Three Things to Consider Before Hiring Models for Your Marketing Campaign

By: Eric Iwasaki

When using models, many companies follow a typical procedure. After deciding what kind of models are needed for a photoshoot or event, they contact a talent agency, select the models, conduct the photoshoot/event, then pay an invoice from the talent agency a month or more after the project is complete. In many places this is perfectly acceptable, but in California, it could lead to potential liability.

Unfortunately, the relationship between a company located or doing business in California and a model’s talent agency often does not end at payment. Instead, months and sometimes more than a year after a project is complete, the company learns that the model was not paid in a timely manner and the company is liable for not only any unpaid wages owed to the model but also waiting-time penalties far exceeding the original cost of services.

This liability revelation comes to companies in the form of a demand letter claiming that the model was an employee of the company and not an independent contractor under California’s “ABC Test.” The letter also often refers to thirty-year-old case law, Zaremba v. Miller, 113 Cal. App. 3d Supp. 1 (1980), where a photographer was liable for waiting-time penalties despite already paying a talent agency under what were considered industry-standard terms.

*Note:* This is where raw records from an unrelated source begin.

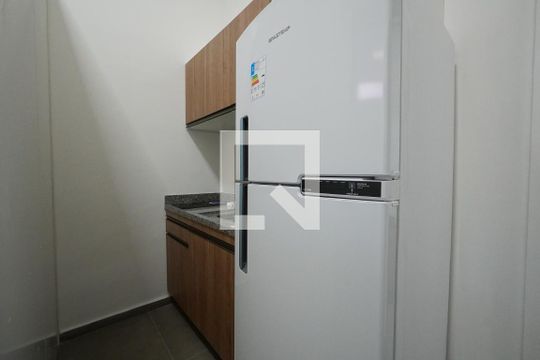 Cozinha de kitnet/studio para alugar com 1 quarto, 18m² em Vila Mariana, São Paulo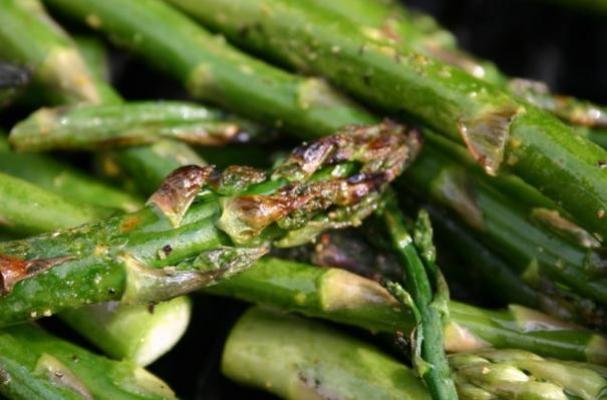 Grilled asparagus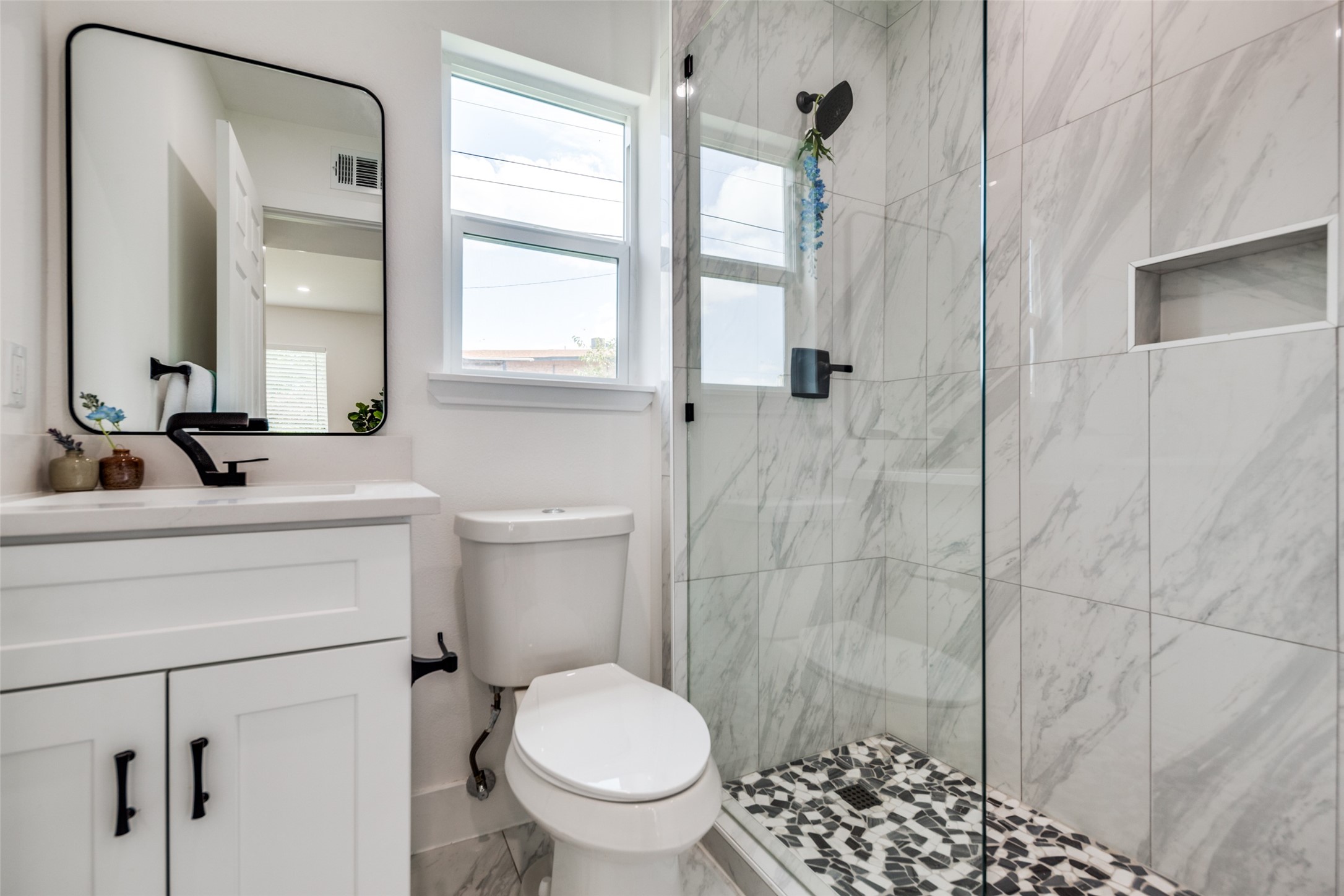 1200 East 52nd Street, Unit 204 Austin, TX 78723 - Photo 10 of 22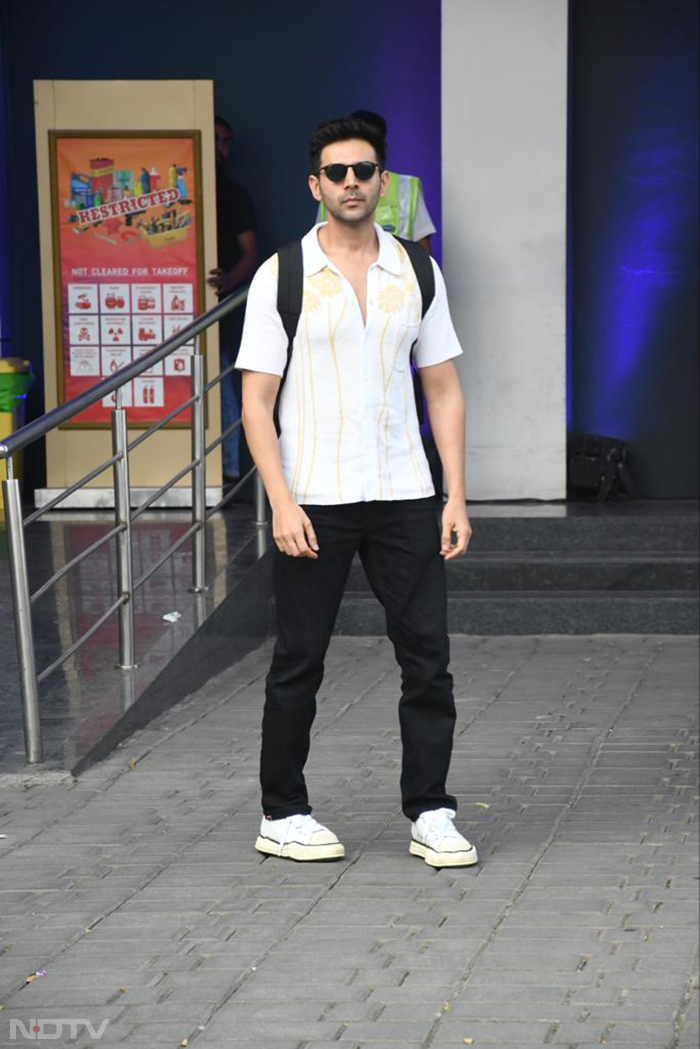 Kartik Aaryan was clicked at the airport earlier during the day as well. (Image courtesy: Varinder Chawla)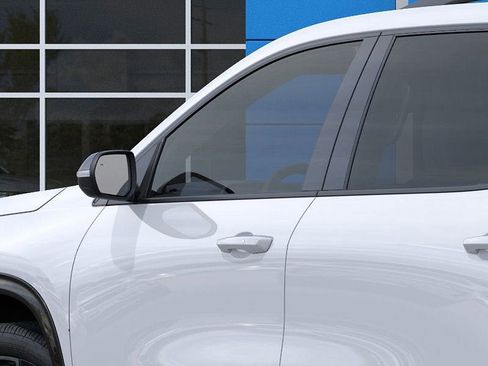 New 2026 Chevrolet Traverse RS image 13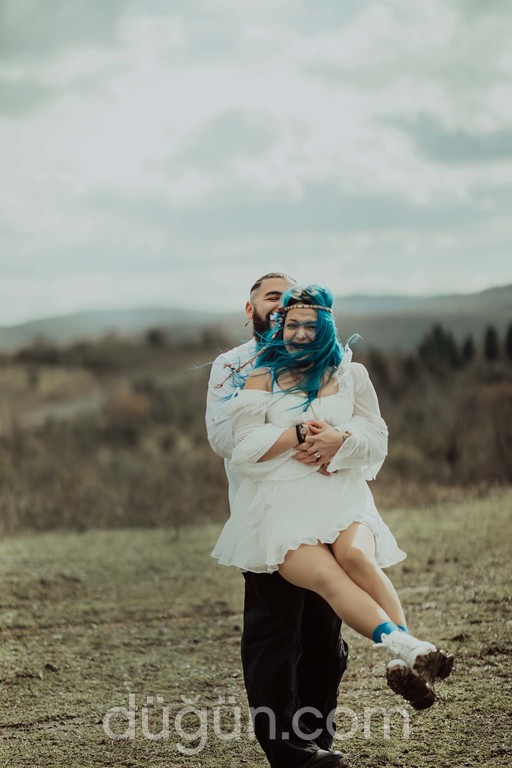 Kalbimizde Düğün Var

While companies have successfully defended such claims in court, defeating them involves risks and costs that companies can altogether avoid. Specifically, companies should take these three steps to minimize liability:

  1. Limit Control: A primary issue in determining whether someone is an independent contractor versus an employee is the level of control by the company. Therefore, to the extent possible, the company’s control should be limited so the model has significant control over how they provide their services. In many situations in which a model’s look and performance must be tightly scripted, this can be difficult, if not impossible. But under other circumstances outside the confines of a highly-structured photoshoot, some companies use models for marketing with only limited company direction. In these situations, allowing models to perform their services using their discretion can help make clear that they are independent contractors rather than employees.
     
  2. Ensure Immediate Payment: Work with the talent agency or marketing firm and get their agreement to provide payment to the model immediately upon the completion of the event and/or as otherwise required by law (photoshoot models can be paid by the next regular payday). This is particularly important because often the biggest components are not the wages themselves, which are often paid in full by the time of the litigation or demand. Waiting-time penalties covering the period of time from when payment was required to when payment actually occurred can reflect up to 30 days’ worth of wages. When applying the rate typically paid to models, this can result in substantial monetary liability.
     
  3. Indemnity: When making an agreement with a talent agency or marketing firm, be sure to specifically include indemnity language for any expenses incurred as a result of any failure to pay wages as required by law. When dealing with smaller talent agencies or firms, their ability to pay may be limited. However, an indemnity provision can provide a company leverage in getting their assistance against any claim regardless of whether the talent agency can pay.

Although these steps will not completely protect a company from potential liability, taking them offers the best protection until changes in the law make clear that the talent agency – and not the company – should be liable if a model is paid late or not at all.